Ingeborg and Halliwell exchanged startled looks.
“Come on, guv. Pellegrini, of course. It’s obvious Jessie knew too much and had to be silenced. She came back to the cottage that night and if she didn’t catch him red-handed murdering Cyril she was left in no doubt who was responsible. The only question is how an old guy in his eighties or whatever age he is succeeds in killing a fit woman forty years younger.”
“Seventy,” Halliwell said.
“What?”
“His age. He’s seventy. He may look older in his present state of health, but that’s his age.”
She swung round to face him. “How do you know that?”
“Because of that name-plate in his workshop. County of Somerset. The locomotive was built in 1945 and got its name the next year. I thought we’d all agreed they linked themselves to trains built in their birth years.”
“Did we?” She turned to Diamond.
The big man’s thoughts were elsewhere. “I’ve changed my mind about Pellegrini.”
“You don’t mean that,” she said, appalled.
“We assumed from the start that he was a murderer because of his wayward behaviour.”
“Wayward? I’d call it guilty.”
“Hold on, Inge. Highly suspicious, anyway, the night excursion, the cremation urns, the valuable gowns found in his workshop and the Internet material about perfect murders. We soon had him down as a serial killer, but we were forced to modify that when the death certificates came in and we found his railway friends died from things like flu and an aneurysm.” He could tell they were both on the point of interrupting again, so he raised his hand. “I know what you’re going to say, there were other deaths, Max’s and Cyril’s, and we found solid reasons why he might have wanted those two dead, basically to cover up the theft of the gowns. But Max and Cyril died in bed, like the others, and their doctors signed them off as natural deaths. No sign of a struggle, no marks. If he’d murdered them, we’d have found out by now.”
Ingeborg couldn’t contain herself. “I can’t believe what I’m hearing. Isn’t this the whole point, that he was researching murder methods? There’s a load of circumstantial evidence. We can place him at each scene shortly before the deaths. We just have to work out how he did it. We know why, basically-because his friends got wise to his thieving.”

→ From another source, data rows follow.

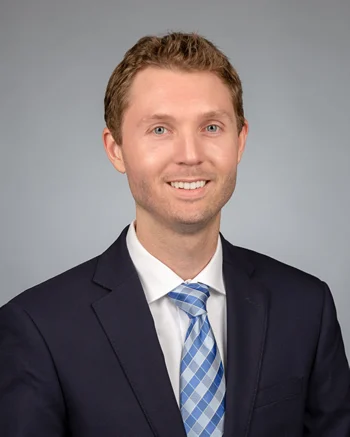 brett-rogers.jpg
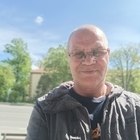 Fecó, társkereső Pécs
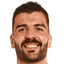 Igor Vujacic player photo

And now Halliwell chimed in. “Let’s not forget the deaths of Trixie Pellegrini and Olga Filiput.”
Diamond shook his head. “They weren’t murders. Olga had a fall, which would be a crude and unreliable method for a man supposedly carrying out perfect murders. And there’s no reason for him to kill her.”
“Same motive,” Halliwell said. “She owned this stack of jewellery and antiques and he figured Max was easy prey once Olga was dead.”
“And his wife, Trixie? He didn’t murder her.”
“She probably found out she’d married a kleptomaniac and challenged him with it.”
“After a lifetime together? She would have found out sooner than that.”
“Okay, it was a long-term problem and she finally got sick of it and threatened to call the police.”